The 20 children, who are coping with autism and emotional disorders, converted their stinky collection into a work of art Wednesday, sculpting a sailboat from cardboard, soda bottles and Styrofoam. They decorated its hull with cast-off candy wrappers and snack bags and filled its jib with smiling photos of themselves, taken during their four-week summer course, which showed them their role in protecting the environment.
"Every week, they picked up trash from the shoreline and the next week, they saw more trash," said teacher Serrina Sankey. "It really concerned them and several asked who to call to stop it."
The children came to realize that they also had to stop the flow of trash, Sankey said.
"I felt bad for all the ducks that had to swim in it. And I saw lots of dead fish and crabs. It is not healthy for anybody," said Nicky Johnson, 12.
The children wanted to make a work of art from the trash they collected. "At first we thought of a giant beach ball," art teacher Nichole Sampson said. "But the kids wanted something even bigger. They decided to turn the trash into a sailboat. Their design incorporated all the materials they found."
On Wednesday, Nicky observed "It stinks" as he passed by the crate of retrieved items.
"It's garbage," said Sampson. "What do you expect?"
Teachers helped the children dry out the soggy paper, wash the plastic and bleach the canvas remnant of an American flag. They cut a door into a large cardboard box and installed a tiller, made from an L-shaped piece of Styrofoam. Stacked and glued plastic bottles formed a mast. Nicky made a compass of bottle caps and twisted wire into a wind vane.
"I knew we could make a paper sailboat," said Jacob Campbell, 11, an expert in paper art.
Jacob folded at least 30 pieces of white paper into triangular shapes and taped them together into a sail that nearly matched him in height.
"This sail will work," he said. "It's the same strategy as a paper airplane."
Jacob made sure to leave a few gaps in the mainsail.
"Those are the transparent windows in the sail, so you can see through it," Jacob said.
During their Inner Harbor beachcombing, the children found the scrap of an American flag, likely lost from a boat. Blaine Carson and Monte Austin, both 11, painted the 13 red and white stripes on a ragged-edged paper attached to the flag, which would fly atop the recycled sailboat.

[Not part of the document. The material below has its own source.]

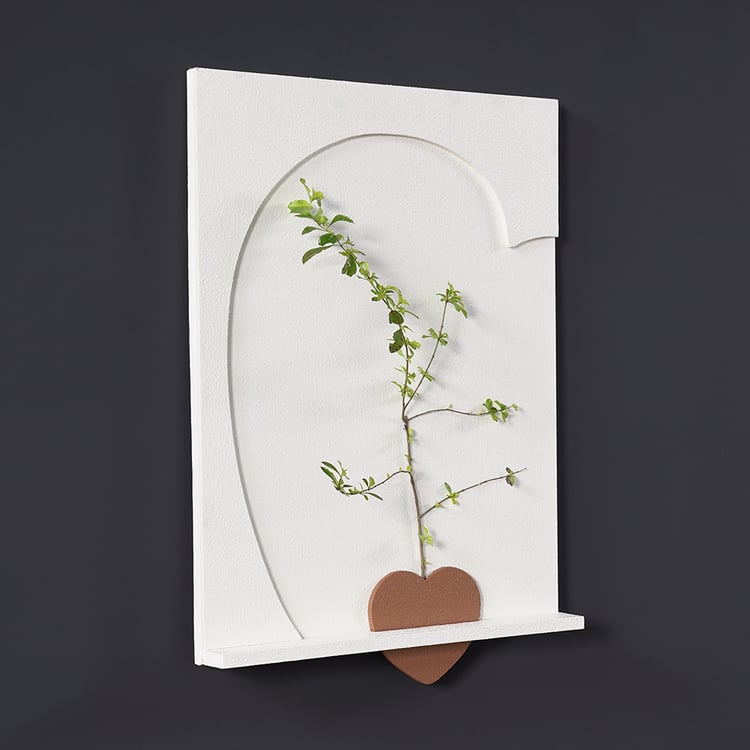 Sculpture Murale 3D En Grès Avec Vase Transparent Et LED – Décoration Élégante Pour Salon, Chambre Ou Bureau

Sailing, everyone's favorite activity, during which they learned to rig a sail and dock a boat, taught the children problem-solving and teamwork and may have shown the class the "bigger picture of this world," said Melissa Deveney, the guild's social worker and the class' sailing instructor.
"They all learned to work together and figure things out," she said. "On the last sail, an 11-year-old docked a 24-foot sailboat."
All that remains is a name for the ship of trash. Given its paper hull and its unlikely-to-float status, Matthew Meneely, 10, suggested Titanic, but his classmates overruled him. Nicky is pushing hard for The 3R's, a reminder to reduce, reuse and recycle.
"We all have to go green and help the Earth," he said.